Welcome to Urlesque's guide to community-based cooking websites. We'll kick things off with my four favorite sites and then a field guide to the kind of annoying users you'll meet on them, in the vein of Monday's field guide to Yelp.
- Allrecipes, which you may have seen in a recent Google Chrome ad, is currently the biggest of community-based recipe sites and a good starting point.
- Food.com (my personal favorite), is basically the same thing as Allrecipes. It's a smaller community, but the interface is much slicker, with big shiny buttons and pages that don't bombard you with a ton of copy.

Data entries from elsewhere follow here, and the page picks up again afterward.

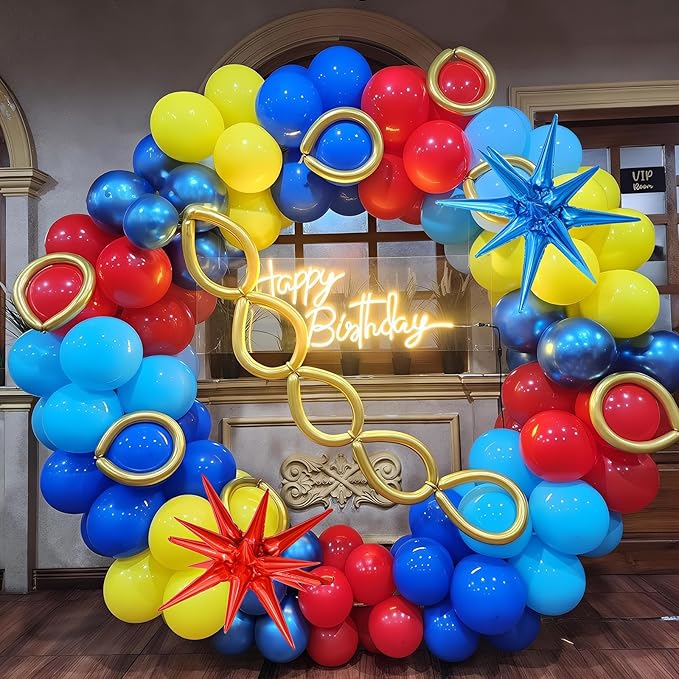 126Pcs Red Blue Yellow Balloon Arch Kit, Cartoon Hedgehog Theme Primary Color Balloon with Gold Circle Explosion Star Foil Balloon Garland Set for Boys Kids Carnival Circus Birthday Party Decorations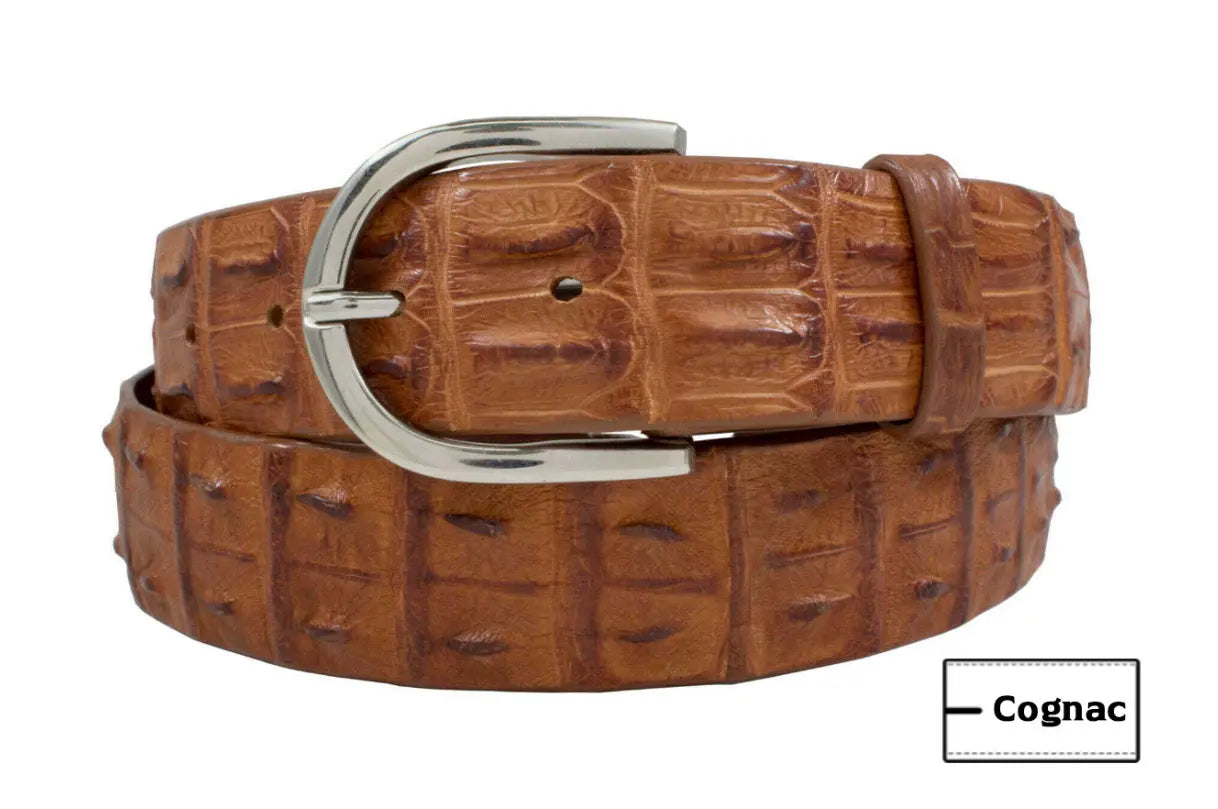 Genuine Cognac Hornback Alligator Leather Belt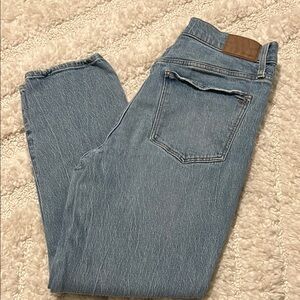 Madewell Blue Straight Leg Jeans with Subtle Fading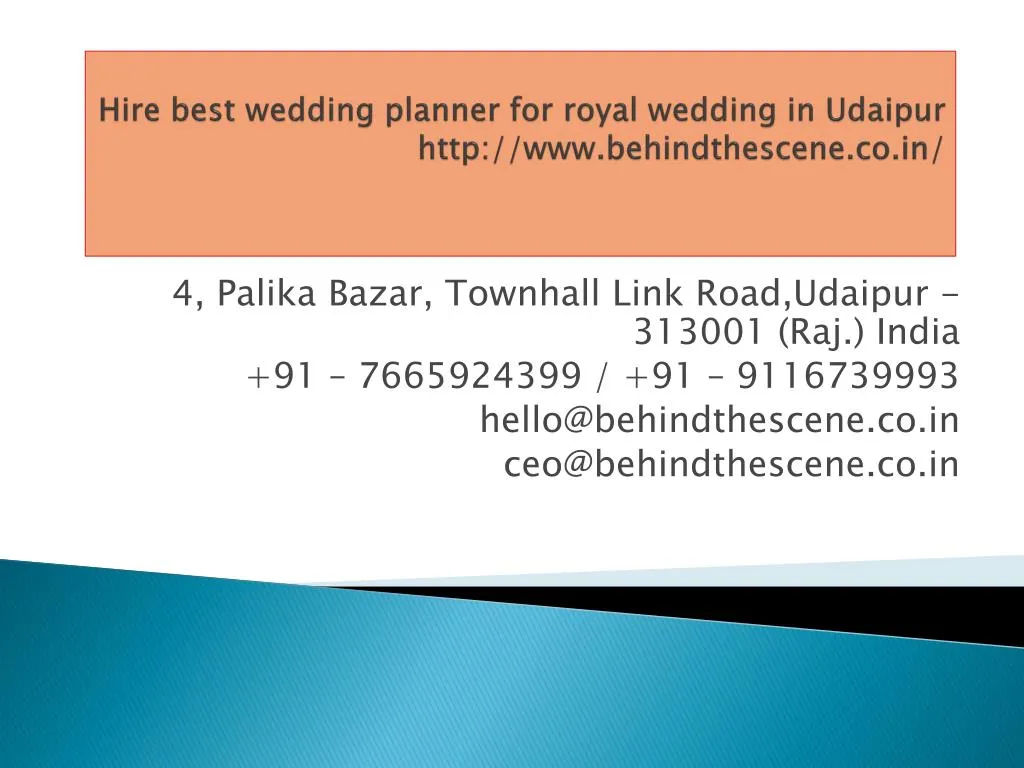 hire best wedding planner for royal wedding in udaipur http www behindthescene co in
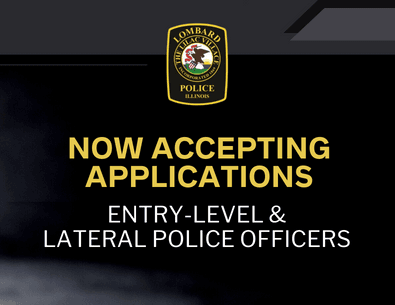 Lombard Police logo with now accepting applications text
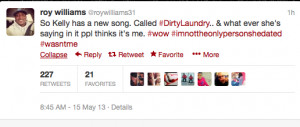 May 16, 2013 But Roy tweeted today their break up was not because of ...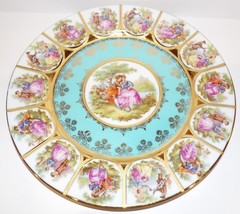 Beautiful Vintage Jkw Fine Porcelain W. Germany Fragonard Couple 10 3/8&quot; Plate - £80.07 GBP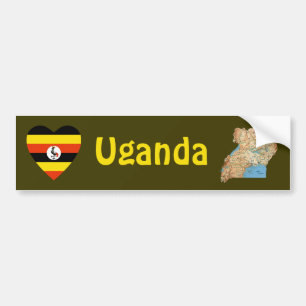 Autocollant De Voiture Coeur de drapeau de l'Ouganda + Adhésif pour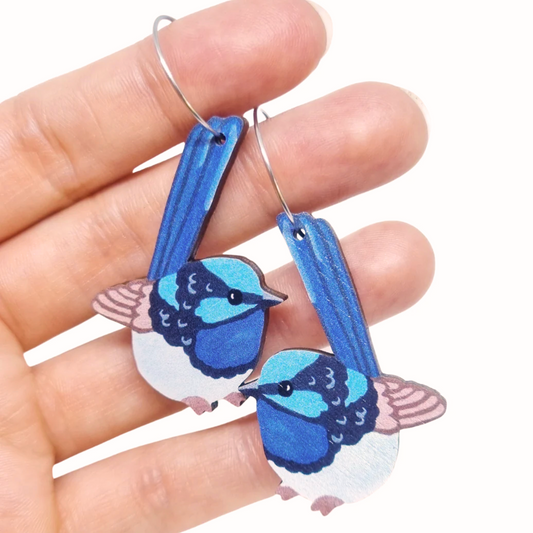 wren bird earrings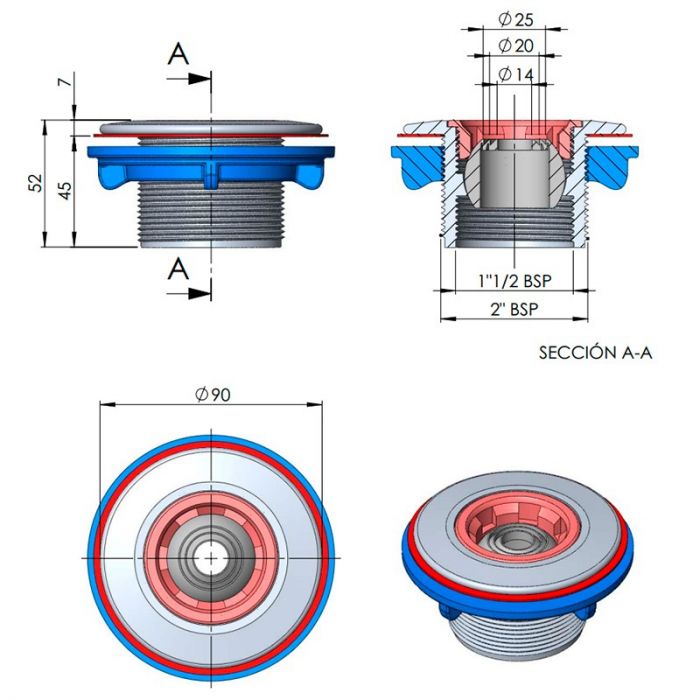 Boquilla impulsión Multiflow rosca ext. 2" int. 1½" piscina prefab. - BricoandPool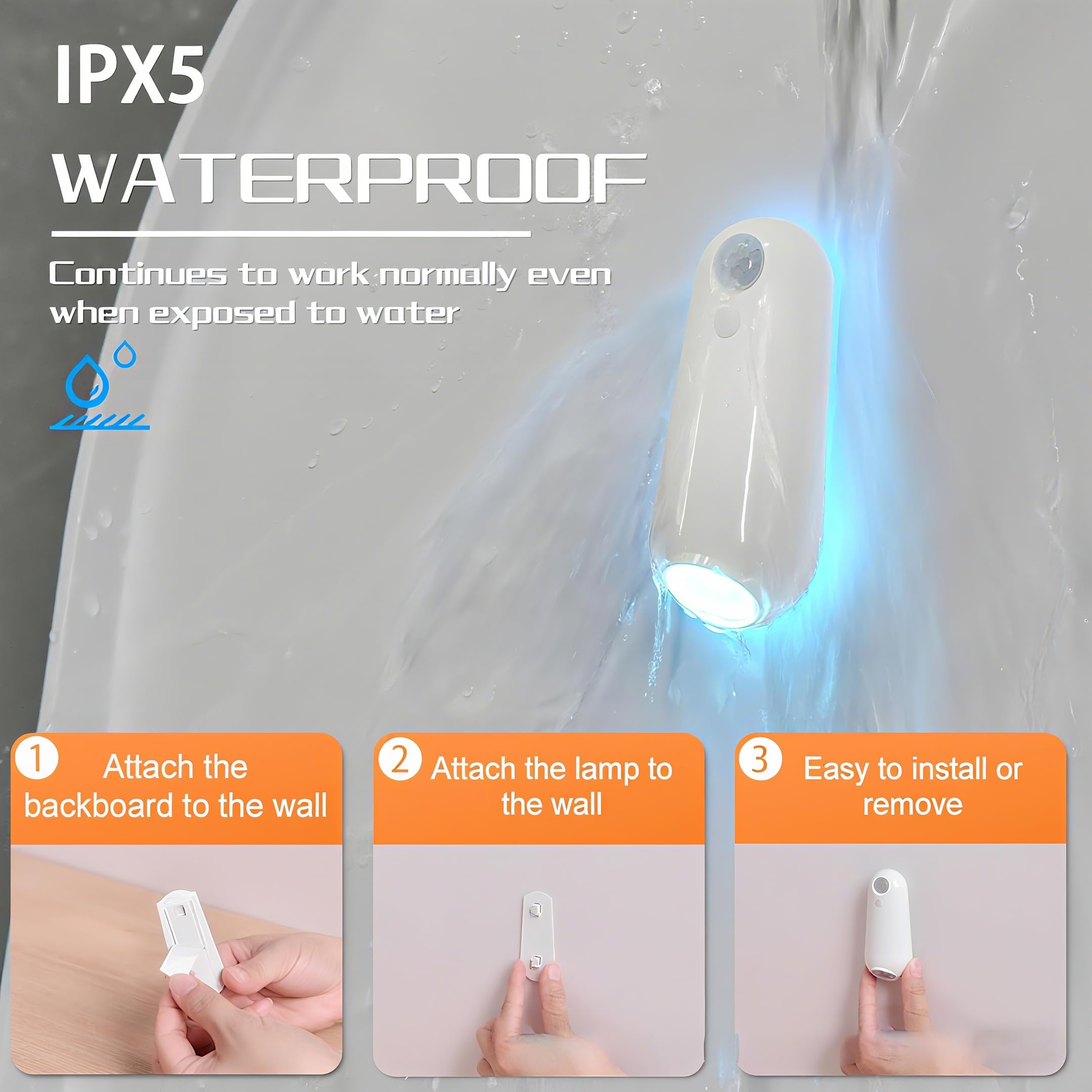 Toilet Night Light Motion Sensor  8 Color Changing Led Wall Motion Sensor Light Indoor Bathroom Accessories Decor  Inside Toilet Lights Christmas Stocking Stuffers For Men Kids Birthday Gifts (1 Pack)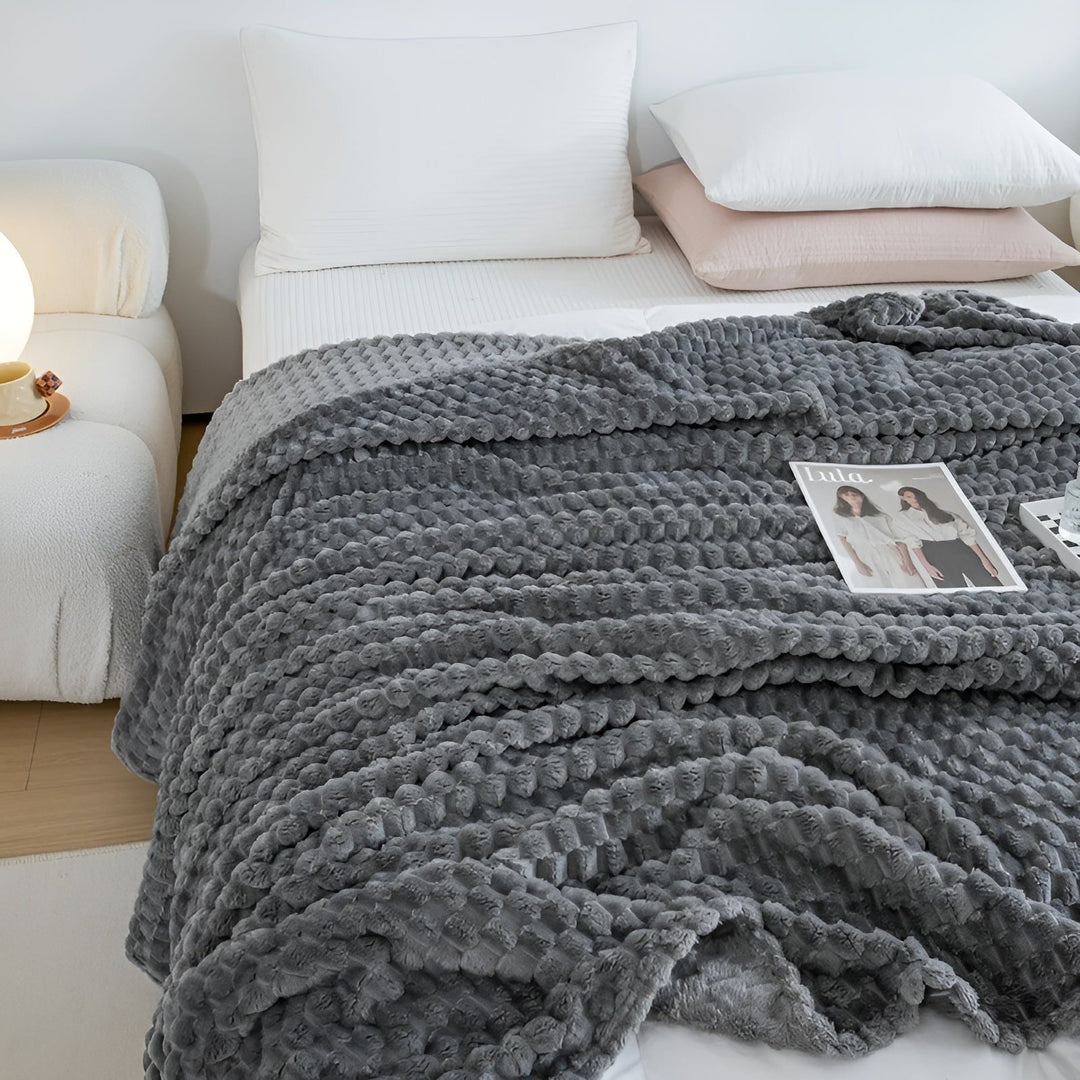 Skanto | Koselig Teppe Nordhavn | Supermyk & Varmeisolerende | Enkel Pleie | Mikrofiber Grå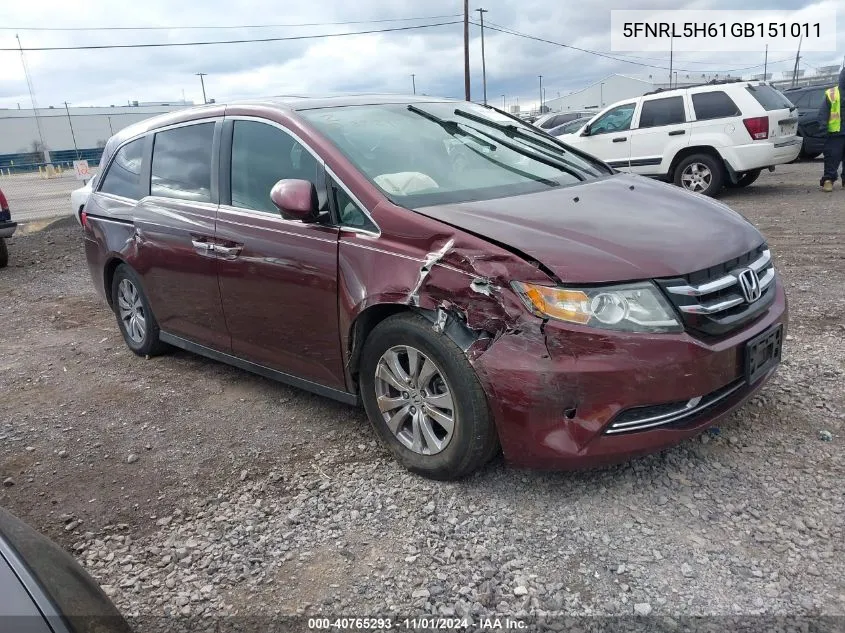 2016 Honda Odyssey Ex-L VIN: 5FNRL5H61GB151011 Lot: 40765293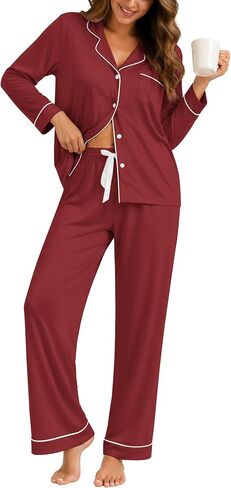 Womens Pajamas Sets 2 Piece Long Sleeve and Pant Pj Sets Button Up Sleepwear in Saudi Arabia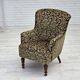1950s, Danish armchair, green furniture velour, ash wood legs.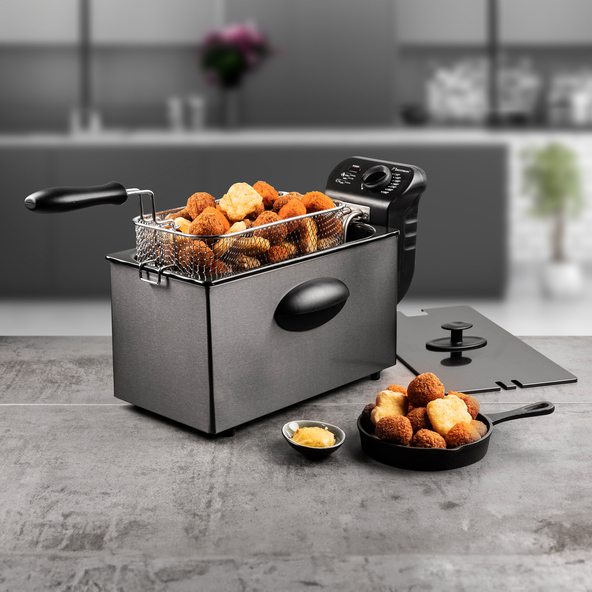 Fritteuse mit Korb, 3,5 l, silber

(Editor's Note: Literally while I typed this, Recipezaar started redirecting to Food.com, a Food Channel affiliate, with a subhead reading, "Formerly Recipezaar." You heard it here first!) - Epicurious isn't nearly as big, but it is carefully curated with content from Bon Appetit and Gourmet magazines, meaning that you're getting recipes from professional chefs, not just someone's grandma.
- Nibbledish has lots of beautiful photos and a more minimalist design. It's also refreshingly free of long lists of stupid SEO keywords, which make it stand out among every other cooking site.
You were right when you said that thing about there being too much sauce. And you were definitely right when you called that flax-seed bake "too textural" or when you guided us via your five-star rating to the best boeuf bourguignon on the world wide web.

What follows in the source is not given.